→ **What is being asked**
Copy nothing but the lines below running from the line containing "Heme Oxygenase 2 Antibody" through the line containing "Tricks to Organize", both end lines included.

——————————

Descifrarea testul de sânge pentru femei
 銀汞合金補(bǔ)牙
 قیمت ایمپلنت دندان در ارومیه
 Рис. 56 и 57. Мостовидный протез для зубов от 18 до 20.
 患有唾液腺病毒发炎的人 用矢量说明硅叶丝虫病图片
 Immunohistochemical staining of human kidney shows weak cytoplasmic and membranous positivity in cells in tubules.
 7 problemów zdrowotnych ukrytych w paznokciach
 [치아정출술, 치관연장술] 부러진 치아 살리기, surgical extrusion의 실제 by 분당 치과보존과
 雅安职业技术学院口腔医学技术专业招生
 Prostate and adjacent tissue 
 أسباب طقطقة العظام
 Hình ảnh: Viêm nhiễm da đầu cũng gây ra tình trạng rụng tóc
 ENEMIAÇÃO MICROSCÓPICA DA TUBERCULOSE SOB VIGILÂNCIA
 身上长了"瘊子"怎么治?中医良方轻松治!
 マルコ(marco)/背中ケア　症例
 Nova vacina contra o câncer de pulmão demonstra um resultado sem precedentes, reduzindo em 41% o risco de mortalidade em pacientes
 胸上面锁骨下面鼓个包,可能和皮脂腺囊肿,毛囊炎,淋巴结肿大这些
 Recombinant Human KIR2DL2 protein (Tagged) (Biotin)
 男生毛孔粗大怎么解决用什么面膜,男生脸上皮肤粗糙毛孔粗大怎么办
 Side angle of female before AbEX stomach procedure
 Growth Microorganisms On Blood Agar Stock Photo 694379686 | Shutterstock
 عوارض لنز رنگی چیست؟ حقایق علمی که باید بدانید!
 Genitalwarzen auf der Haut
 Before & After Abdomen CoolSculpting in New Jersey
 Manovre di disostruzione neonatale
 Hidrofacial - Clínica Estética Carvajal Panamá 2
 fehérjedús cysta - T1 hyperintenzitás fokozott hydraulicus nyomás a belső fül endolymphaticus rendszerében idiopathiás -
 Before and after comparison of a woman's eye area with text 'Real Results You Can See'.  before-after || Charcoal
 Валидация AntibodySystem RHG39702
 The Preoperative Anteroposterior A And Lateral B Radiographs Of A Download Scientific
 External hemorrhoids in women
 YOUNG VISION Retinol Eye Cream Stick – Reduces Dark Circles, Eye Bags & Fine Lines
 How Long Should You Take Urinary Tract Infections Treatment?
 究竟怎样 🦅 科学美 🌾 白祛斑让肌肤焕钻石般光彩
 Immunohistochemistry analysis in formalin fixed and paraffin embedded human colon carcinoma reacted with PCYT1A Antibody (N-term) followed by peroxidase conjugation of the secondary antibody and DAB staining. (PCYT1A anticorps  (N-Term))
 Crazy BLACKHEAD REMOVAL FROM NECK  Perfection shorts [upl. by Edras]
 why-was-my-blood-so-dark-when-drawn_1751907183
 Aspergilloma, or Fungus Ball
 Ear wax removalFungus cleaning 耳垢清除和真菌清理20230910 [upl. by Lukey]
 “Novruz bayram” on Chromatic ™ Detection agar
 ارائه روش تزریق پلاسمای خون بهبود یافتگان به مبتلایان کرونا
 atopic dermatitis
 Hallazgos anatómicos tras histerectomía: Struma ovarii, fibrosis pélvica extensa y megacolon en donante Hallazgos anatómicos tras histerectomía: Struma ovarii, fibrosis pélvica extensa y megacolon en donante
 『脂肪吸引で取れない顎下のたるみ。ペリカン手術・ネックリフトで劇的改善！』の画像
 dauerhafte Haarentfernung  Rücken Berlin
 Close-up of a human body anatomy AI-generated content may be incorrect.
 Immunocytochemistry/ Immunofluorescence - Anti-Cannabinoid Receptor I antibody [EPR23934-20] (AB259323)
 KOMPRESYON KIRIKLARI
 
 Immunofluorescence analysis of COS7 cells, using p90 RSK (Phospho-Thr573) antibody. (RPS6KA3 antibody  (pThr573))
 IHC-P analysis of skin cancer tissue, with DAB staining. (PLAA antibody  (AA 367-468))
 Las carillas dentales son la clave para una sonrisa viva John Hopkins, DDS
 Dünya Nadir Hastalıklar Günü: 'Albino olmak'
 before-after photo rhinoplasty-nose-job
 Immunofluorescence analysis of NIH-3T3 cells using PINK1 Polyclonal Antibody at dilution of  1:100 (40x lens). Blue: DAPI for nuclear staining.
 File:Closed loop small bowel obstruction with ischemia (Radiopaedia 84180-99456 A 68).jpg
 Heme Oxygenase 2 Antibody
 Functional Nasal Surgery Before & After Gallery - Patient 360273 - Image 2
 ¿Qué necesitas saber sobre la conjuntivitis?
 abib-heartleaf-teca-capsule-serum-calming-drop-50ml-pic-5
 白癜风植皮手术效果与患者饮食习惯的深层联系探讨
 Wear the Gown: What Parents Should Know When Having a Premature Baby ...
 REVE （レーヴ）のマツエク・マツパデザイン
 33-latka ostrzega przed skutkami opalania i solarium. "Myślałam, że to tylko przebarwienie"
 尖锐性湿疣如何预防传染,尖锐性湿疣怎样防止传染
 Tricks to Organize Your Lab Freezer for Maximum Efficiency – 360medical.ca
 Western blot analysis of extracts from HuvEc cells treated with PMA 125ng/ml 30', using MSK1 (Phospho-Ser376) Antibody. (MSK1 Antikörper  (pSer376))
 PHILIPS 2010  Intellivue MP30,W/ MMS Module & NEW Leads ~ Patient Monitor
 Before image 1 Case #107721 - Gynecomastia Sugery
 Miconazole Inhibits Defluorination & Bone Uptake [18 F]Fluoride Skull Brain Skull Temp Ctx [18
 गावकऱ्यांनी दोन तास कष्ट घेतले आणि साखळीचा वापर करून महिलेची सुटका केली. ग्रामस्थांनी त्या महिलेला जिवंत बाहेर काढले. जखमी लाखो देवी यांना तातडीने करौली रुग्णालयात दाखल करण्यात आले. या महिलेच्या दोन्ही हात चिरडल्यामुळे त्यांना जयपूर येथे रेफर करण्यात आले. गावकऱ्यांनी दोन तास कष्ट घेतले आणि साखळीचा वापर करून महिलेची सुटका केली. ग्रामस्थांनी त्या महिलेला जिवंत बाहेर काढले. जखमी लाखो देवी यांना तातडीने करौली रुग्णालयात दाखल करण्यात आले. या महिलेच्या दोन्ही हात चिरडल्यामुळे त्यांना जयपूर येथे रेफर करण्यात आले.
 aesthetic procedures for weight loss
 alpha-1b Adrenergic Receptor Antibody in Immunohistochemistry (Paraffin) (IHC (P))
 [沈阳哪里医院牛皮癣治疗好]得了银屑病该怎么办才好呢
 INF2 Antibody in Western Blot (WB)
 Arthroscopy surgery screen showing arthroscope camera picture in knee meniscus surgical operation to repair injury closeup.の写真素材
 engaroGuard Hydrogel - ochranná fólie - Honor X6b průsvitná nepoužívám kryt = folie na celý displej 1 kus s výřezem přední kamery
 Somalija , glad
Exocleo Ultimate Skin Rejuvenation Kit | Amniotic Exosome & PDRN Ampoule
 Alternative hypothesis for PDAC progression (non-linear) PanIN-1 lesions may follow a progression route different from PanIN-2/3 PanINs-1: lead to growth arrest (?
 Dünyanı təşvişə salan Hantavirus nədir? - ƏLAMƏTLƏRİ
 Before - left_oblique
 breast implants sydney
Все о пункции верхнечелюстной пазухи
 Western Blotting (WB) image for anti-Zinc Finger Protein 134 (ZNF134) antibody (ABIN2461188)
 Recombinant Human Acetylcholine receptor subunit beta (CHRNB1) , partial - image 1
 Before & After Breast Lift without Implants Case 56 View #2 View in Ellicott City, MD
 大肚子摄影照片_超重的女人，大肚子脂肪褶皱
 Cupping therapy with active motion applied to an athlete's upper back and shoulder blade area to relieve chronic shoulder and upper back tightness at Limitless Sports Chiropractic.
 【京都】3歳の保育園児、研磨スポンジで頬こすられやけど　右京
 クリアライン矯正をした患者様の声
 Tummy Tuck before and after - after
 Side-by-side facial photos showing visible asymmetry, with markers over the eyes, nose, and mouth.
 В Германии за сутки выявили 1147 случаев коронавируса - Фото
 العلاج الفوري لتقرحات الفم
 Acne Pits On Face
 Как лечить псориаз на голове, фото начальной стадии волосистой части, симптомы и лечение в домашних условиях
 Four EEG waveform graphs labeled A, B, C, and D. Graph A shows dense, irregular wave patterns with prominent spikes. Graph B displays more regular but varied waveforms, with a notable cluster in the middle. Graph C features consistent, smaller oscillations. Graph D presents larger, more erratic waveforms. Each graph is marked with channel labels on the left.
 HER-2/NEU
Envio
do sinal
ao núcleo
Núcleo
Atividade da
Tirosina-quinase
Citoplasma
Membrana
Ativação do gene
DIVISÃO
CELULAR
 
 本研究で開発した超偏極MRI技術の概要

——————————

→ **Answer below**
 Heme Oxygenase 2 Antibody
 Functional Nasal Surgery Before & After Gallery - Patient 360273 - Image 2
 ¿Qué necesitas saber sobre la conjuntivitis?
 abib-heartleaf-teca-capsule-serum-calming-drop-50ml-pic-5
 白癜风植皮手术效果与患者饮食习惯的深层联系探讨
 Wear the Gown: What Parents Should Know When Having a Premature Baby ...
 REVE （レーヴ）のマツエク・マツパデザイン
 33-latka ostrzega przed skutkami opalania i solarium. "Myślałam, że to tylko przebarwienie"
 尖锐性湿疣如何预防传染,尖锐性湿疣怎样防止传染
 Tricks to Organize Your Lab Freezer for Maximum Efficiency – 360medical.ca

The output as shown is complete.